A. Evangelical Christians have long believed that God’s plan for Israel will ultimately benefit the entire world. My argument in The Promise of Israel is that by changing our perspective and seeing Israel not as being stubbornly resistant to universalism, but rather as a model that other culturally centered states might follow, the entire world will, indeed, benefit. My purpose in writing this book, as with every book I write, is to stimulate conversation and to present a different aspect of the Jewish state. In reading The Promise of Israel my hope is that more Christians will realize how important it is that they stand strong in their beliefs and at the same time glean a better understanding of the issues, which hopefully will strengthen their position and help them explain that position to others.

Q. What are you hoping your readers will take away from The Promise of Israel?

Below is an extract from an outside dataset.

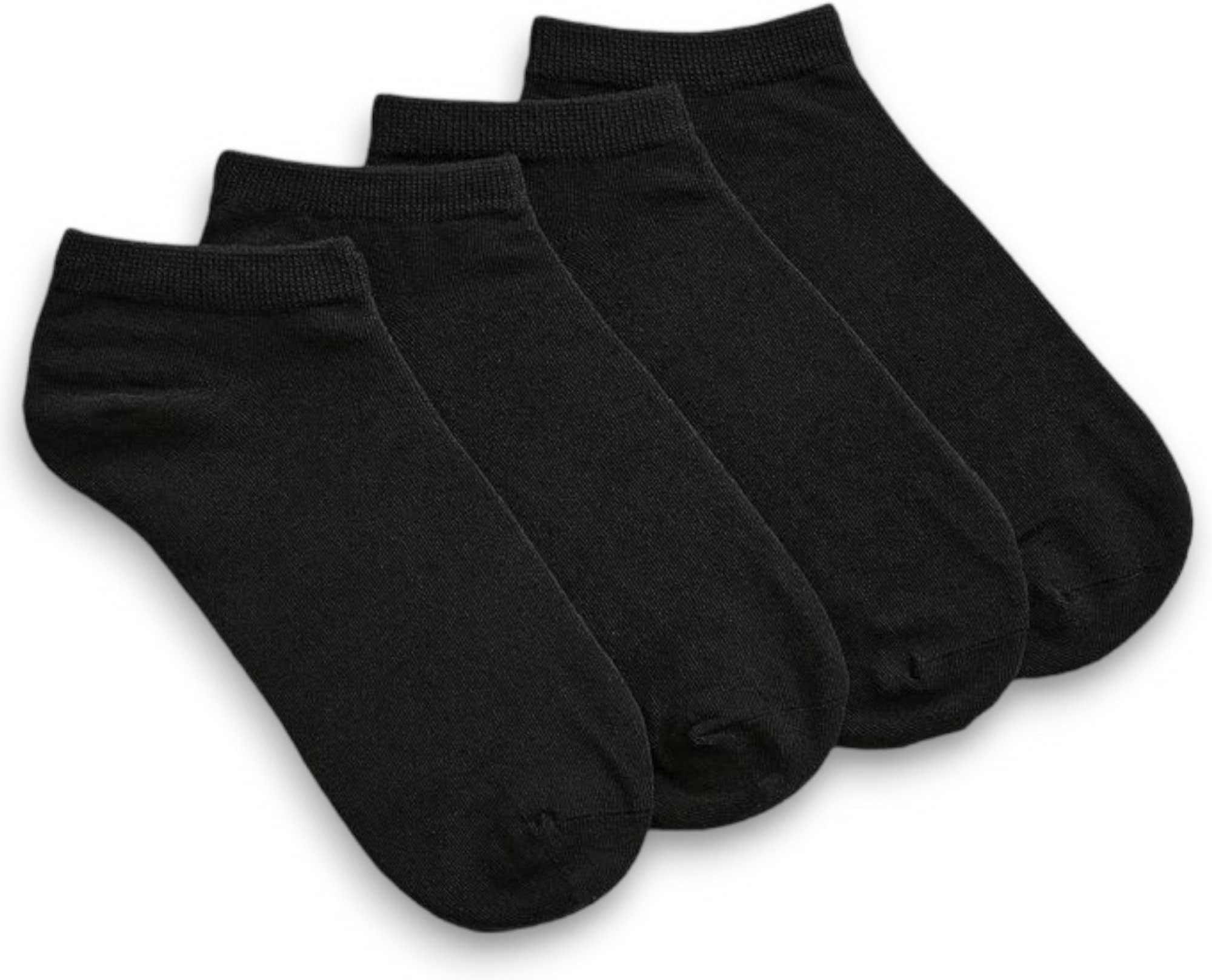 Ankle Socks for Men & Women (Unisex) - Made with Soft, Breathable & Durable Cotton, Anti Odour, Free Size - Pack of 4 - suitable for Sports, Gym and Daily use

A. If I could achieve only one goal with this book, it would be to expand the conversation to include a third option: an open and free democratic government running a country in which a particular people’s heritage and religious traditions are accorded profound importance but are also asked to be in dialogue with the West. What I have in mind is what is called the nation-state or ethnic nation-state: a state that combines the core attributes of liberalism (individual rights, free speech, freedom of the press and the like) and representative democracy in a setting in which one people (such as the French, the Tibetans or the Jews) largely define that society.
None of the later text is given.